Thank you Mr. Chairman for giving me the opportunity to testify today, and for ensuring that North Korea's appalling human rights record remains part of the picture as we consider the way forward with Pyongyang.
All of us here agree that North Korea is a country over which we should be losing sleep. I would argue that there are two reasons for that, not merely one -- certainly the nuclear program, which threatens our security, but also political repression so complete that it should seriously disturb our conscience. Some day, when North Korea does open up, and we see with our own eyes the conditions we can now only glean from refugee accounts, we will be horrified. And I predict we will ask ourselves whether we should have said and done more today, just as people wonder whether they should have said and done more to defend the victims of persecution when Stalin ruled the Soviet Union or during the Cultural Revolution in China. North Korea is to our time what those experiments in negative utopia were to their time.
I should stress that we do not have perfect knowledge of what is going on in North Korea, no matter what the issue, including human rights. North Korea is so closed that human rights organizations cannot go there and conduct the thorough, well documented and corroborated research that we do in most other countries around the world.

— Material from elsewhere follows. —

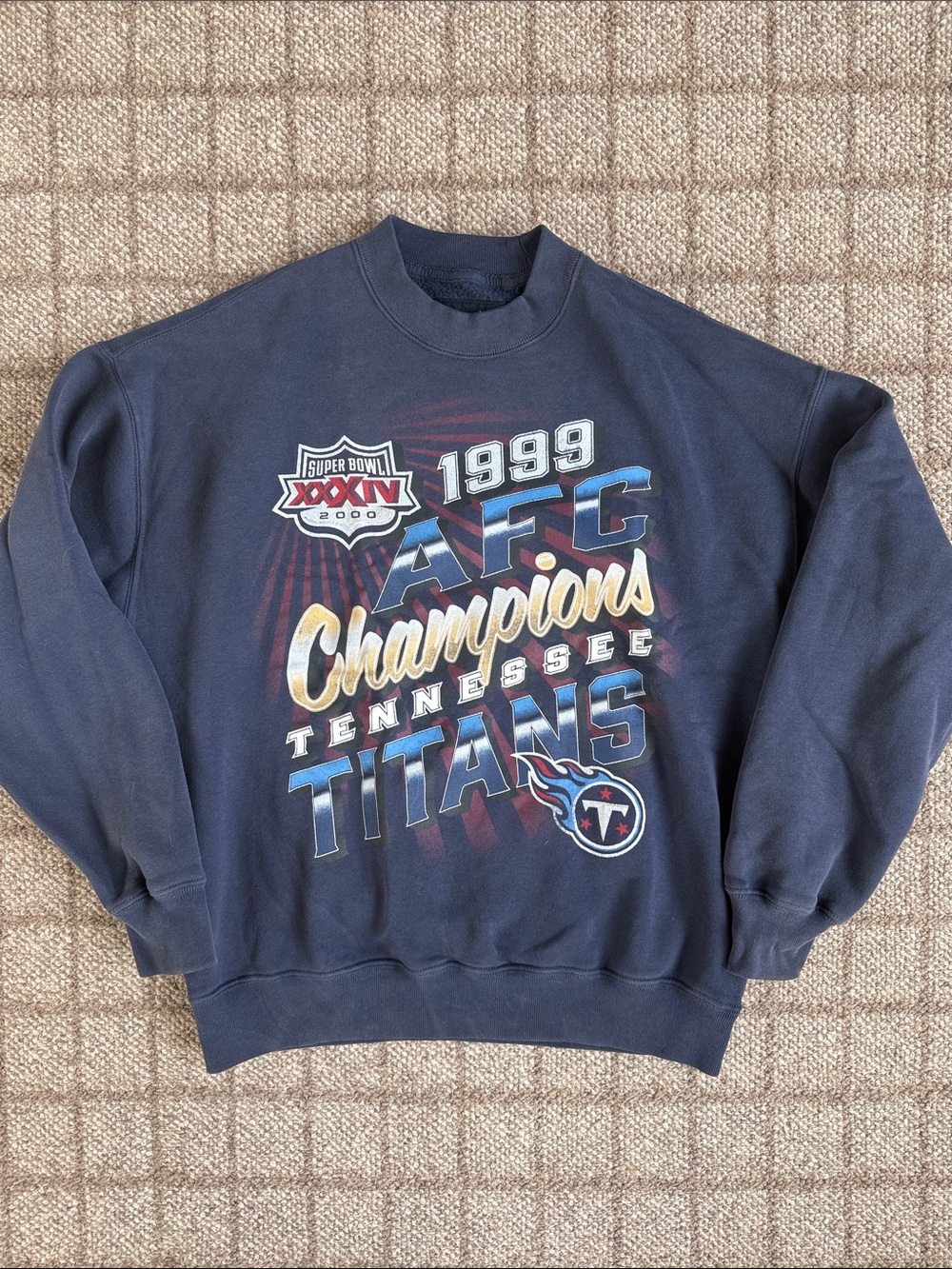 Like New Women’s Abercrombie & Fitch Navy Tennessee Titans Sweatshirt Size XS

But since the North Korean famine in the 1990's when thousands of North Koreans began fleeing their country to China, with a few managing to make it to South Korea, we have been able to gather increasingly reliable accounts from people who have experienced North Korean repression first hand. My organization, Human Rights Watch, issued a report two years ago on the plight of North Korean asylum seekers in China, a report that also included many refugee accounts of conditions inside North Korea. Last year, the U.S. Committee for Human Rights in North Korea issued a report, also based on refugee accounts, exposing North Korea's extensive system of prison camps. The stories gathered from North Koreans who have escaped do not yet allow us to paint a complete and comprehensive picture of life inside their country. But they are largely credible and consistent. There is a great deal we do now know.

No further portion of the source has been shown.